Women are indebted to that gentle genius, La Duse, for the suggestion that a veiled throat and bust may charmingly fulfil the requirements of evening dress, and also satisfy that sense of delicacy peculiar to some women who have not inherited from their great-great-grandmothers the certain knowledge that a low-necked gown is absolutely decorous.
The women who does not possess delicate personal charms commends herself to the beauty-loving by forbearing to expose her physical deficiencies. Unless it is because they are enslaved by custom, it is quite incomprehensible why some women will glaringly display gaunt proportions that signally lack the exquisite lines of firm and solid flesh.
A throat like a ten-stringed instrument, surmounting square shoulders that end in knobs that obtrude above unfilled hollows, is an unpleasing vision that looms up conspicuously too often in opera-box and drawing-room.
The unattractive exhibition 61, is a familiar sight in the social world. How insufferably ugly such uncovered anatomy appears in the scenery of a rich and dainty music-room may be readily imagined by those who have been spared the unpleasing display. It is so obvious that shoulders like these should always be covered that it seems superfluous to remark that this type should never wear any sleeve that falls below the shoulder-line.
The sleeve falling off the shoulder was invented for the classic contour, set forth in No. 62. Nor ribbons, nor lace, nor jewel are needed to enhance the perfect beauty of a fine, slender, white throat, and the felicitous curves of sloping shoulders.
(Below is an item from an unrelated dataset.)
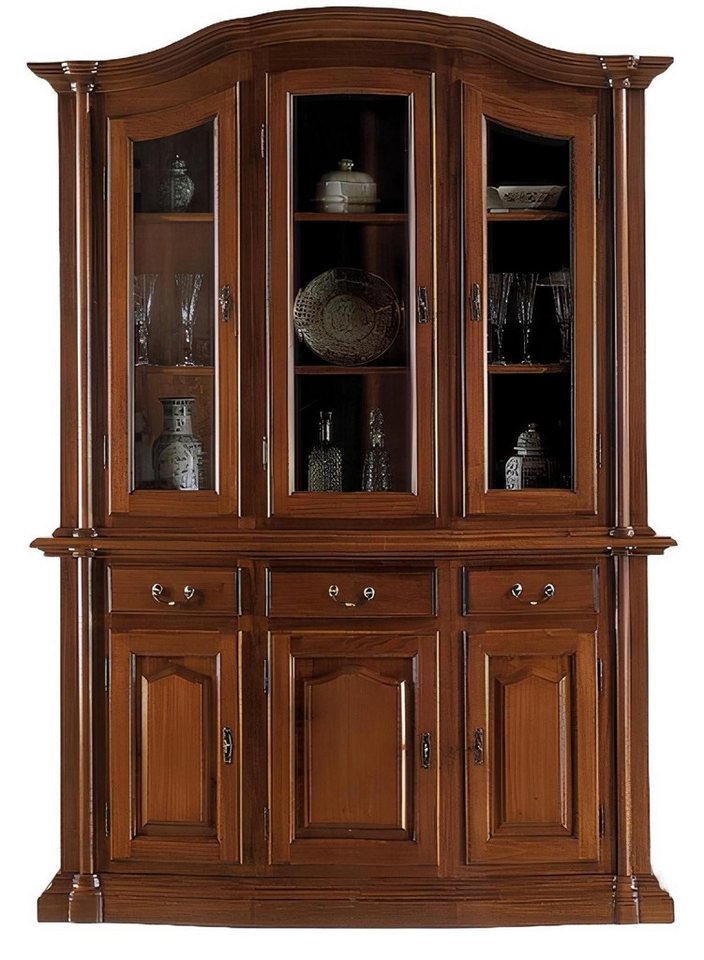 Xlmoebel Glasvitrine Wohnzimmermöbel Eiche Vitrine Echtholz Anrichte Massivholz Vitrine (Vitrine) Hergestellt in Italy von Xlmoebel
One whose individual endowments are as meagre as are those presented in No. 61 may improve her defects by adopting either style of corsage, shown in sketches Nos. 63 and 64.
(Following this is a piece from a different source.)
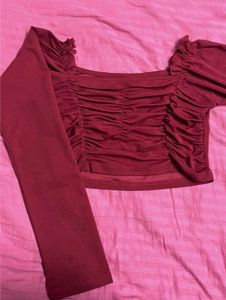 Ruched Long Sleeve Top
A woman's throat may lack a certain desirable roundness, and her shoulders may recede in awkward lines, and yet between these defective features the curves may have a not unpleasing daintiness and delicacy in modelling that can be advantageously revealed. A modish velvet throat-band, such as is shown by No. 63, is one of the most graceful conceits of fashion. The too slim throat encircled by velvet or ornamented with a jewelled buckle or brooch is effectively framed. The unsightly lines of the shoulders are covered, and just enough individual robustness is disclosed to suggest with becoming propriety the conventional décolleté corsage. The Princess of Wales is as constant to her velvet or pearl neck-band, as to her especial style of coiffure. Her throat, in evening dress, never appears unadorned by one or the other of these beautiful bands that so cleverly conceal defects and seem to bring out more richly the texture and coloring of handsome bare shoulders.